#### Records for the task

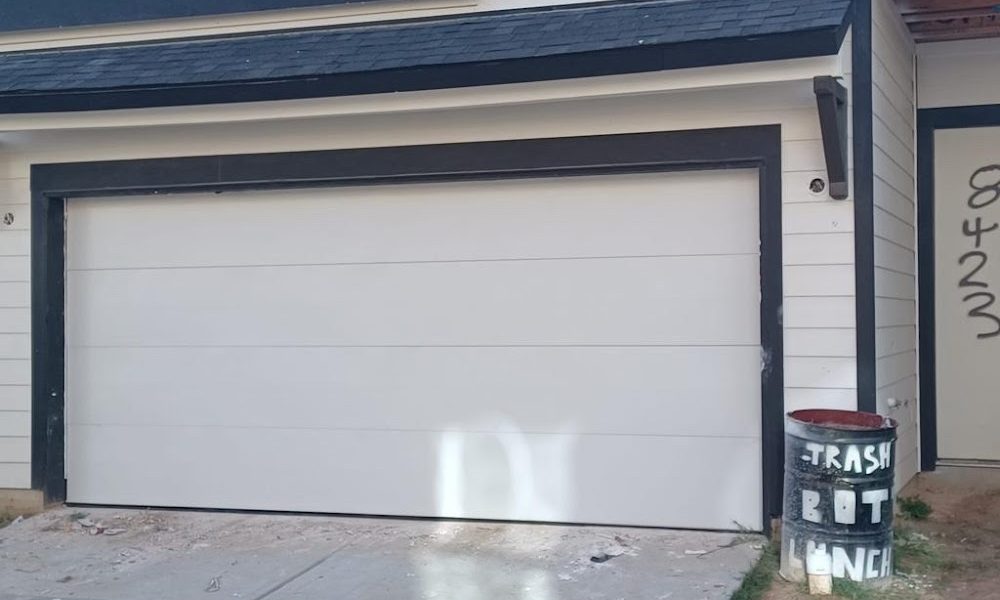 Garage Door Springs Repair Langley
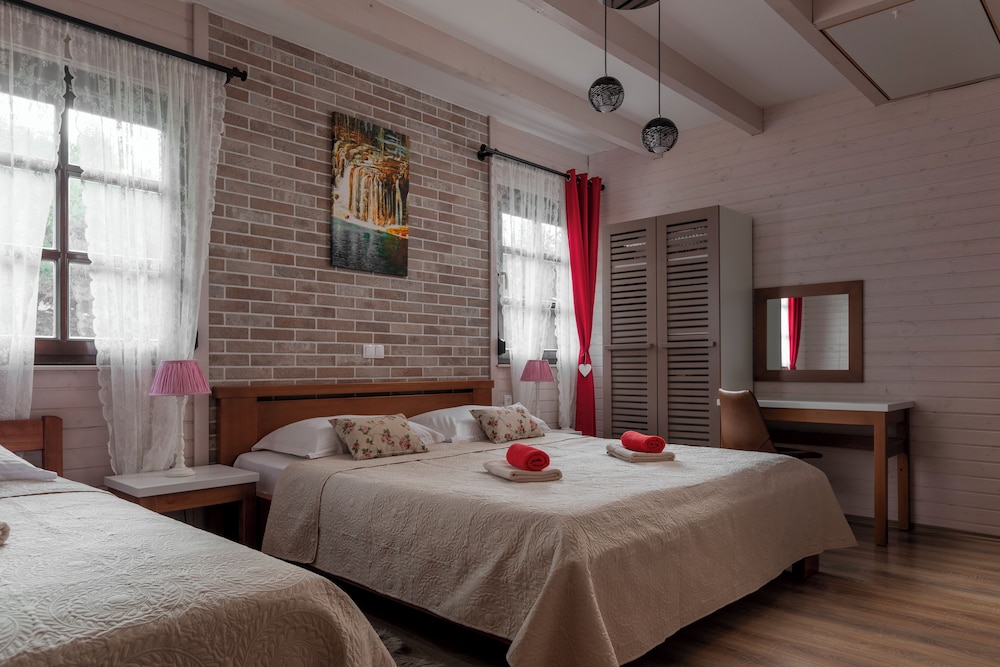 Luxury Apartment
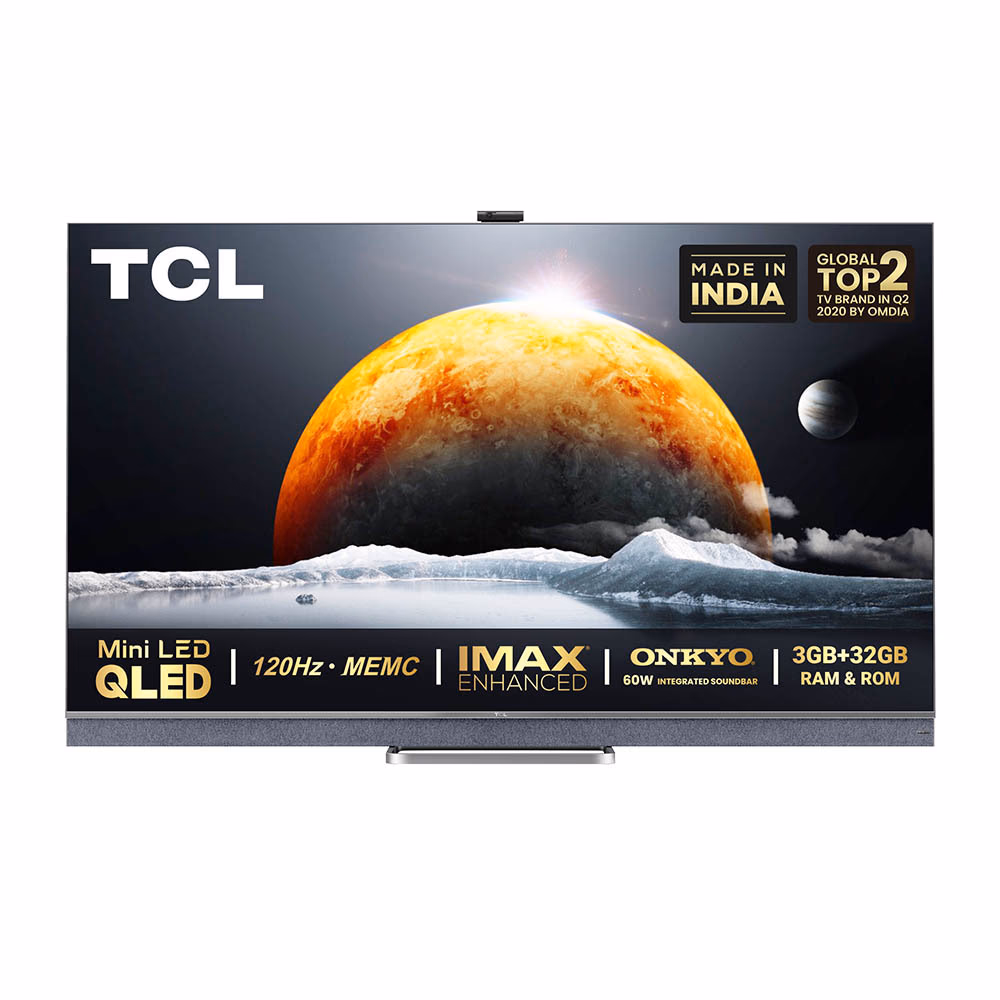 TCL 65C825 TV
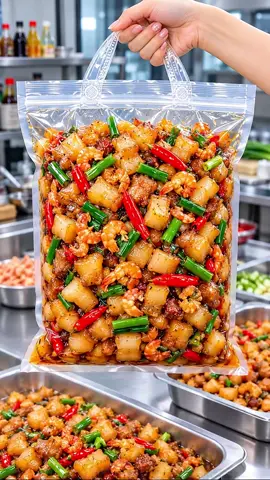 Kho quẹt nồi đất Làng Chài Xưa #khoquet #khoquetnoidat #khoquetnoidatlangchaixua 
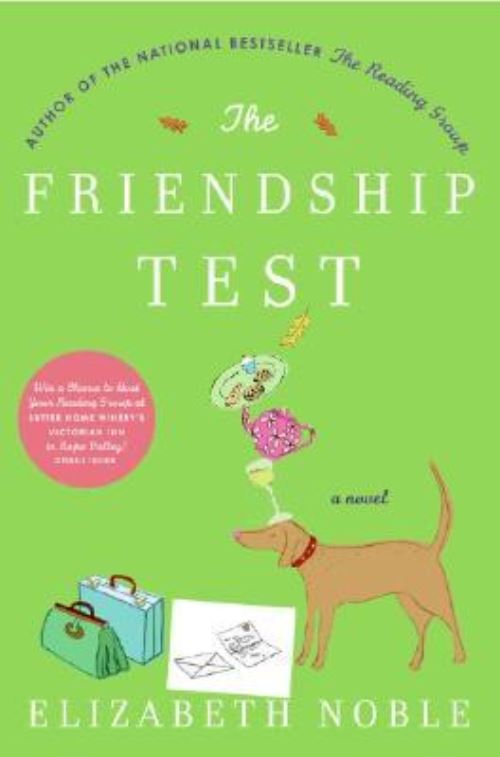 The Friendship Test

########
#### Records for the task

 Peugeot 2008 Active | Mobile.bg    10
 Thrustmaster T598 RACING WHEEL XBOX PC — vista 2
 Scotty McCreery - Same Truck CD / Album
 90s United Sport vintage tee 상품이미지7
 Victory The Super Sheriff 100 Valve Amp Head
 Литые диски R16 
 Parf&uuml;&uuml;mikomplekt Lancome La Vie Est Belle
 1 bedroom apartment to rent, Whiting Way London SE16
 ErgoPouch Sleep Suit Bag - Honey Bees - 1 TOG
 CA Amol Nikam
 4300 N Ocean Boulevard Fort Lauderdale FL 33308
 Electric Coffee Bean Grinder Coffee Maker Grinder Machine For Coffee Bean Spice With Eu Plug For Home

########
#### Records for the task

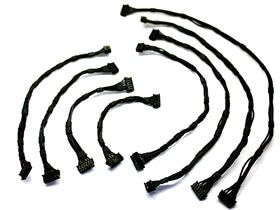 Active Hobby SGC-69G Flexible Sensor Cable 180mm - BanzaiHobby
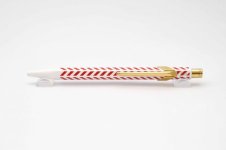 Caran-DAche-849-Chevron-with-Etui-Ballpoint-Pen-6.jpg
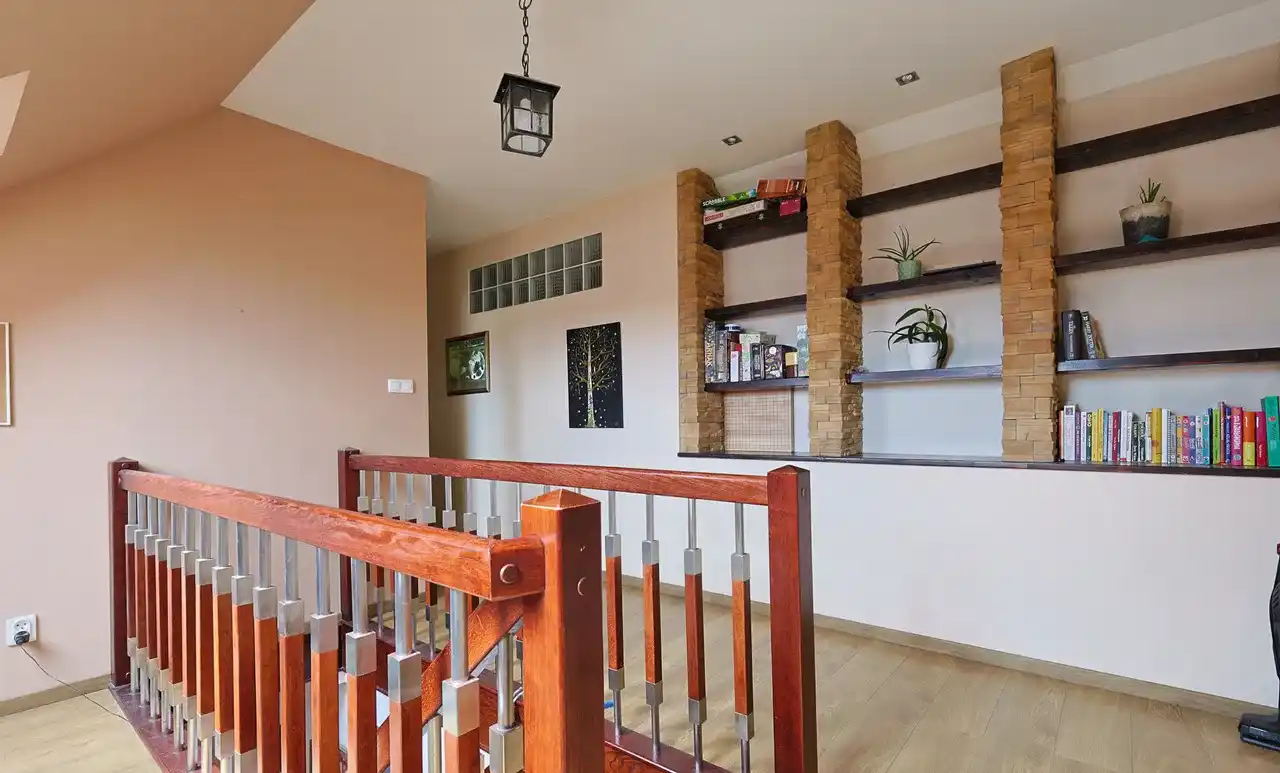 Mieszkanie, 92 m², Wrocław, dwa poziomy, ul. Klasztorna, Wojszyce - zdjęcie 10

########

Your assignment - Although pictures appear among the entries, please set down only the lines from the one with "Garage Door Springs Repair Langley" up to and including the one with "The Friendship Test", word for word.

Solution for this task -
 Garage Door Springs Repair Langley
 Luxury Apartment
 TCL 65C825 TV
 Kho quẹt nồi đất Làng Chài Xưa #khoquet #khoquetnoidat #khoquetnoidatlangchaixua 
 The Friendship Test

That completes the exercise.